Red.: Anche tu, in qualche modo, sei parte della storia dello Studio e hai già lavorato su alcune di queste fotografie con saggi e volumi, penso ad esempio al libro che hai pubblicato con Silvana Editoriale sulle fotografie delle Barricate di Armando Amoretti, edito nel 2022. Per te, dunque, aver scandagliato questo gigantesco archivio non sarà stata solo un’esperienza arricchente sul piano della formazione professionale…

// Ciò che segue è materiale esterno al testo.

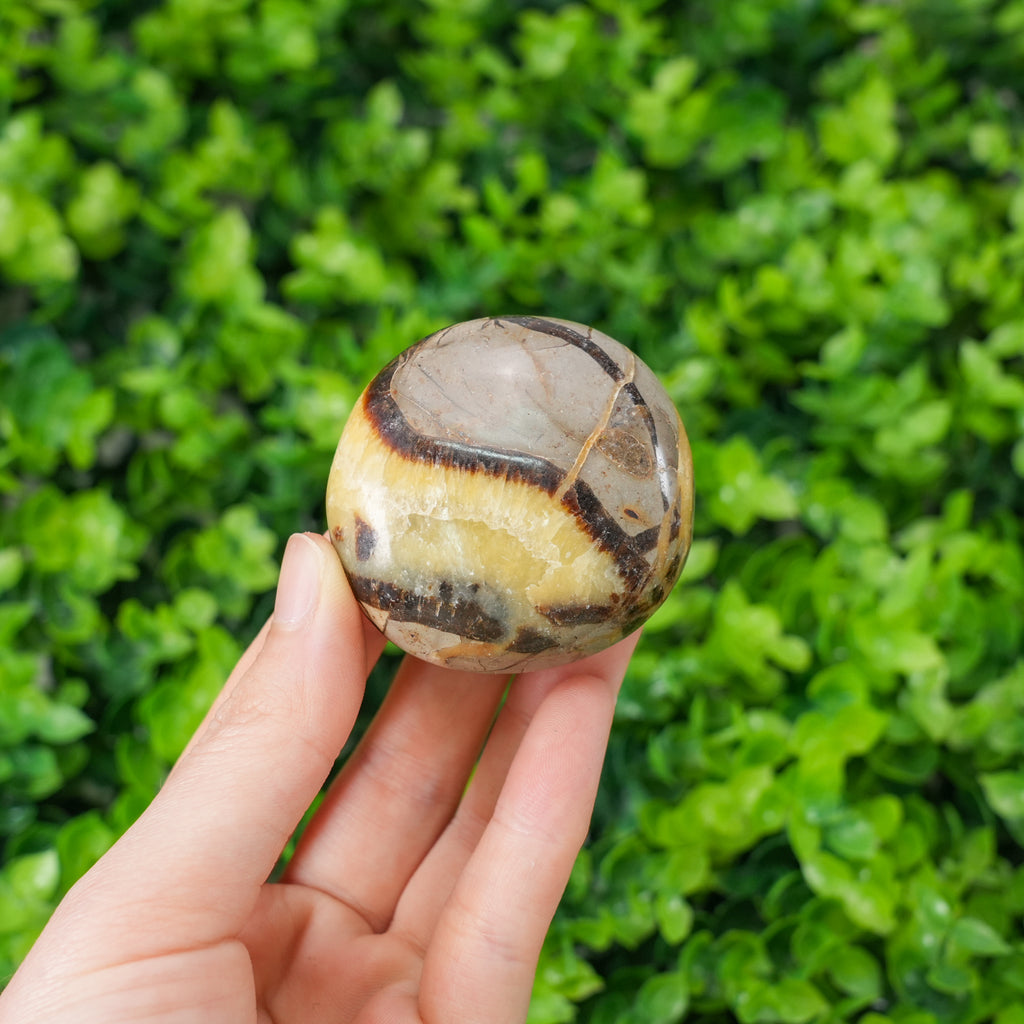Septarian Palm Stone - Hand-Polished Natural Nodule, Smooth Tactile Gem for Daily Palm Holding & Stress Relief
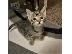 PoulaTo: Egyptian Mau Kittens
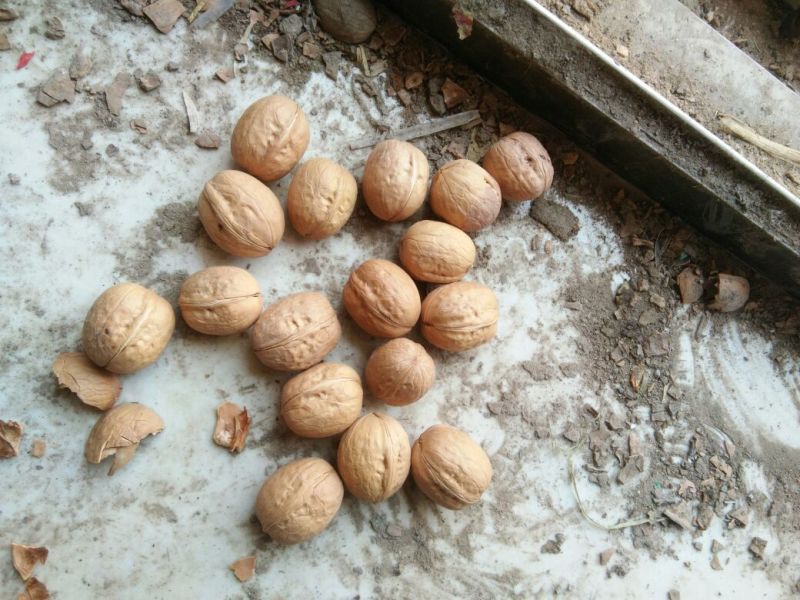 新二核桃去皮30~35mm干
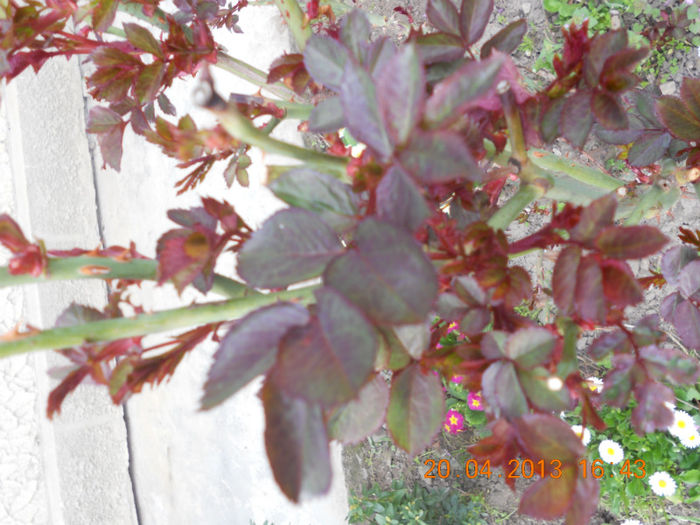 DSCN2955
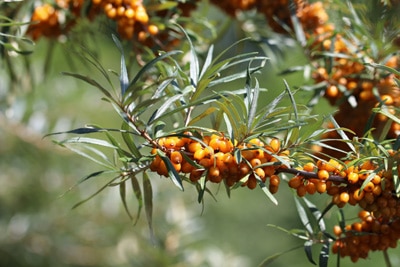 Sanddorn - Hippophae rhammoides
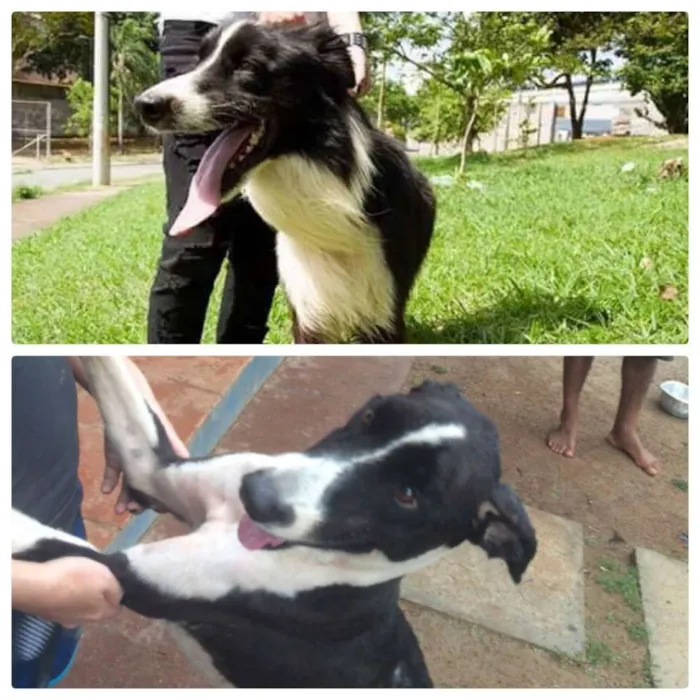 Cachorro ra a BoRder Collie idade 3 anos nome SCOTT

A.T.: Occupandomi come critico e curatore di fotografia, l’Archivio Amoretti è sempre stato una fonte di studio e confronto. Per questa mostra mi sono dovuto nuovamente approcciare al suo vasto patrimonio, ma stavolta, a differenza di altre mostre o pubblicazioni, senza l’importante memoria dell’ultimo fotografo dello studio, Giovanni Amoretti, scomparso lo scorso anno. Giovanni era una fonte orale molto utile per ricostruire alcuni passaggi del lavoro della famiglia, oggi rimane la nipote Bianca che lo ha affiancato per molti anni e che ha custodito l’archivio fino ad oggi. Gli archivi fotografici sono corpi molto complessi e fragili anche dal punto di vista conservativo e quello degli Amoretti racchiude al suo interno principalmente negativi e lastre in vetro. In percentuale le stampe e le provinature sono una minima parte e le immagini digitalizzate comprendono forse solo un quindici per cento dell’intero patrimonio. Questo comporta un lavoro di lettura e rilettura delle immagini lento e minuzioso, ma che riserva ancora oggi nuove scoperte e il ritrovamento di materiale inedito.
Red.: La mostra esce in occasione della donazione, da parte della famiglia, dell’intero patrimonio fotografico dell’archivio dello Studio Amoretti al Comune di Parma. Ci puoi descrivere la quantità, la qualità e gli estremi cronologici di questo fondo. E ci sai dire se esso sarà consultabile e fruibile a breve dagli studiosi e dalla città?
A.T.: È difficile indicare una quantità precisa, in mostra abbiamo dichiarato oltre ottantamila immagini, ma presumibilmente superano le centomila. Cronologicamente le prime fotografie che fanno parte dell’archivio sono quelle delle Barricate del 1922, quando Armando lavorava ancora nell’atelier fotografico di Luigi Vaghi. Ma lo studio fotografico Amoretti fu aperto nel 1938 e cessò la sua attività nei primi anni Duemila.
Dopo la scomparsa di Giovanni Amoretti nel 2022, la famiglia, e in modo particolare Bianca Amoretti, ha deciso di trasformare un patrimonio privato in patrimonio pubblico senza nessun tentativo di capitalizzare l’importante eredità, ma mossa dall’esigenza di mantenere compatta e non disperdere la storia dell’archivio. Questa scelta vuole preservare l’interezza della raccolta, presupposto necessario per uno studio e una consultazione del bene. Ora il Comune di Parma ha il dovere etico di proseguire con una catalogazione scientifica e una digitalizzazione dell’intero patrimonio, naturalmente l’archivio sarà consultabile dagli studiosi e spero che parte di esso, in futuro, potrà essere visibile in maniera permanente.